### Work task
Each record, minus any picture, should be returned exactly as written.

### Recorded data
==================================================

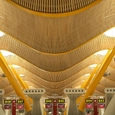 Bamboo Solutions for Madrid International Airport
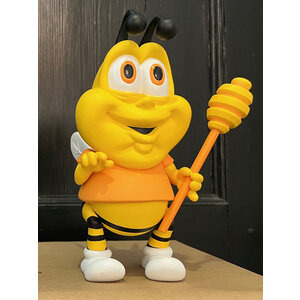 RON ENGLISH POPAGANDA CEREAL KILLERS HONEY BUTT THE OBESE BEE VINYL FIGURE (8")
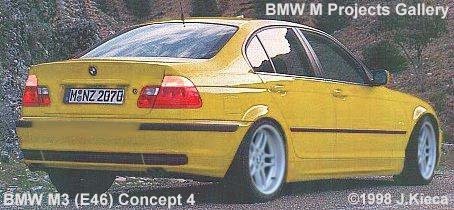 BMW M3 (E46) Concept4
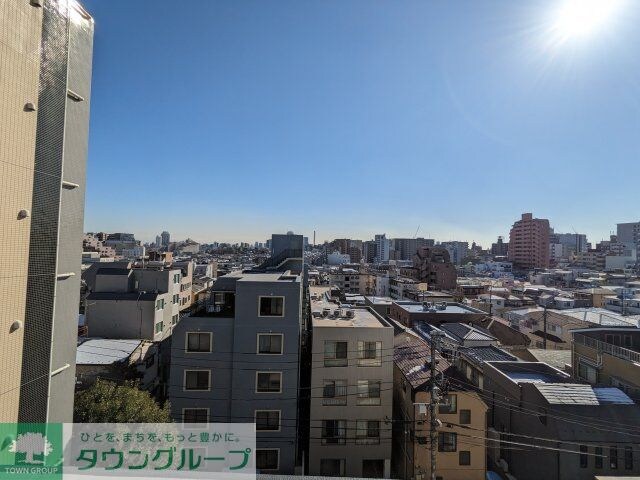 アジールコート板橋本町の物件内観写真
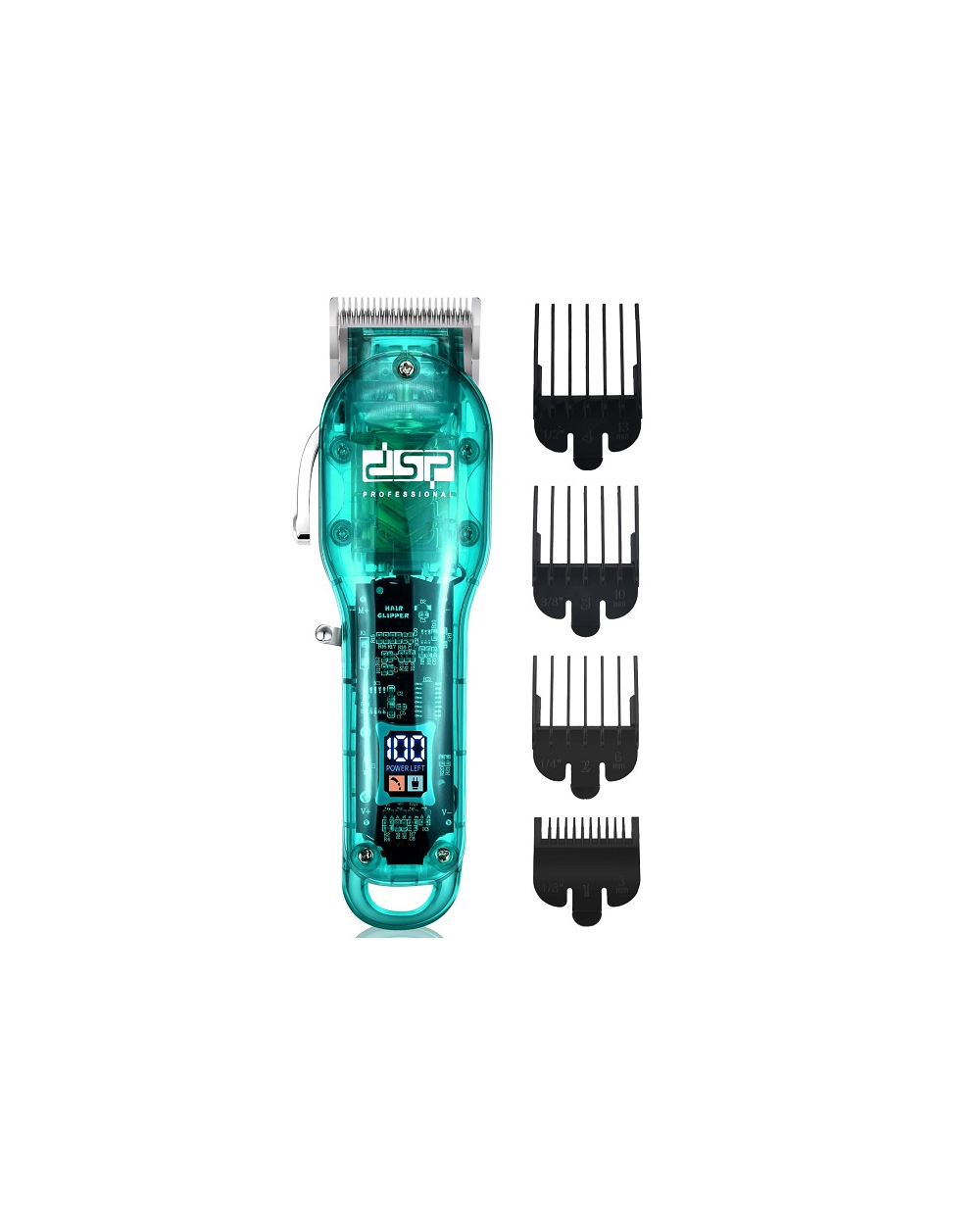 Κουρευτική μηχανή - 91208 - DSP - 615723 - Green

==================================================

### Answer area
 Bamboo Solutions for Madrid International Airport
 RON ENGLISH POPAGANDA CEREAL KILLERS HONEY BUTT THE OBESE BEE VINYL FIGURE (8")
 BMW M3 (E46) Concept4
 アジールコート板橋本町の物件内観写真
 Κουρευτική μηχανή - 91208 - DSP - 615723 - Green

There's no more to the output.